Taxe sur les logements vacants : On fait le point
À l’échelle nationale, 3,1 millions de logements dorment derrière des volets clos, soit 8 % du parc résidentiel au 1ᵉʳ janvier 2024, calcule l’Insee. Pour secouer ces murs inoccupés, l’État s’appuie sur deux outils fiscaux : la taxe annuelle sur les logements vacants (TLV) et la taxe d’habitation sur les logements vacants (THLV). Tour d’horizon d’un levier fiscal conçu pour réveiller les logements endormis et alléger la pénurie.
Pourquoi une taxe sur les logements vacants ?
Parmi les plus de 3 millions de logements vacants en France, 1,1 million restent vides depuis plus de deux ans, un stock qui concentre un gisement de surfaces déjà construites. Alors que la construction de logements neufs bat de l'aile alors que la demande augmente, cette inoccupation pèse sur l’offre locative et nourrit la hausse des loyers dans les territoires les plus tendus.
La vacance interroge également la stratégie foncière : 20 000 hectares d’espaces agricoles, naturels ou forestiers disparaissent chaque année sous l’urbanisation, l’équivalent de cinq terrains de football par heure, rappelle le ministère de la Transition écologique.

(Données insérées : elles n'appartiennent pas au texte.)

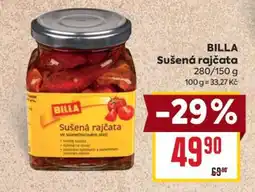 Billa BILLA Sušená rajčata nabídka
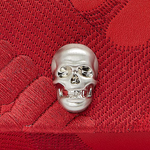 wolf 1834 memento mori red 10 piece watch box skull
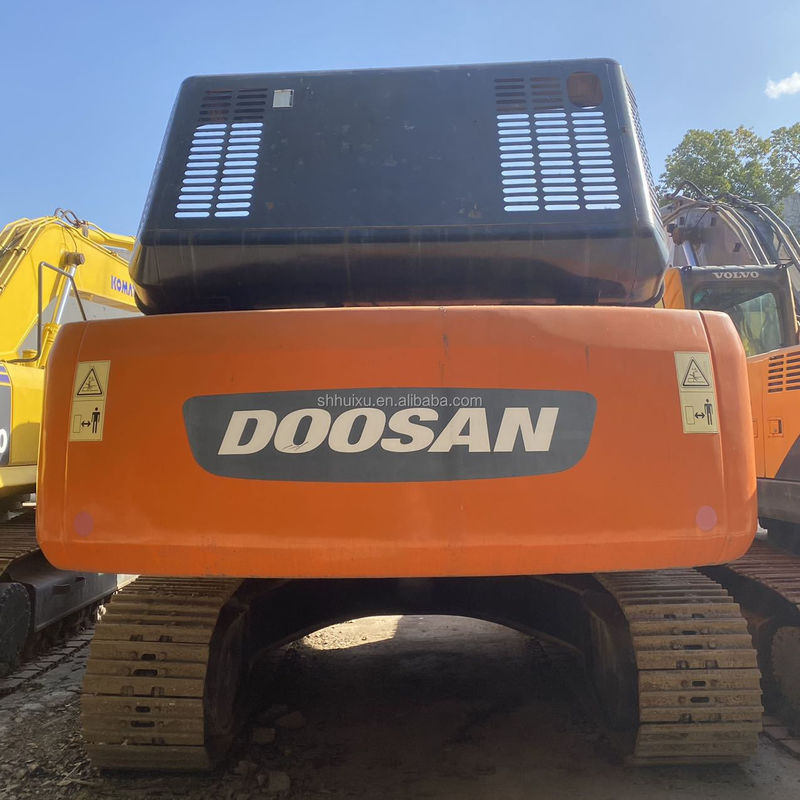 डूसान गर्म बिक्री इस्तेमाल किया पृथ्वी चलाने उपकरण डूसान dh420lc-7 खुदाई मशीन dh420 42 टन बड़े खनन खुदाई मशीन dh420lc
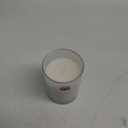 GLASS FILLED WAX WHITE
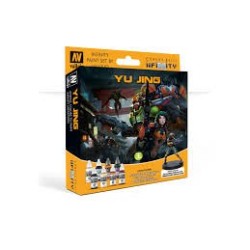 Infinity - Model Color Set: Infinity Yu Jing Exclusive Miniature - 70235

Lutter contre la vacance revient donc à « recycler » la ville plutôt qu’à l’étaler, condition sine qua non de l'objectif zéro artificialisation nette fixé pour 2050.
De la création à la montée en puissance
- 1998 : naissance de la taxe annuelle sur les logements vacants (article 232 du CGI). Instituée à compter du 1ᵉʳ janvier 1999, elle cible d’abord les grandes agglomérations où l’offre fait défaut.
- 2013 : premier durcissement. Le délai de vacance tombe de deux ans à un an et les taux passent de 12,5 %–25 % à 15 %–30 % pour accroître l’effet incitatif.
- 2023 : nouveau saut. L’article 74 de la loi de finances 2023 relève les taux à 17 % la première année, 34 % ensuite et étend la taxe à 1 434 communes classées « zones tendues ».
- 2025 : relais communal. Les communes peuvent désormais majorer jusqu’à 60 % la part leur revenant de la taxe d’habitation sur les logements vacants ou sur les résidences secondaires, transformant la fiscalité en levier de politique locale du logement.
THLV ou TLV : deux leviers, deux logiques
Pour endiguer l’« avalanche silencieuse » des volets fermés, le législateur a empilé deux taxes distinctes qui s’adressent aux mêmes propriétaires… selon le code postal de leur bien.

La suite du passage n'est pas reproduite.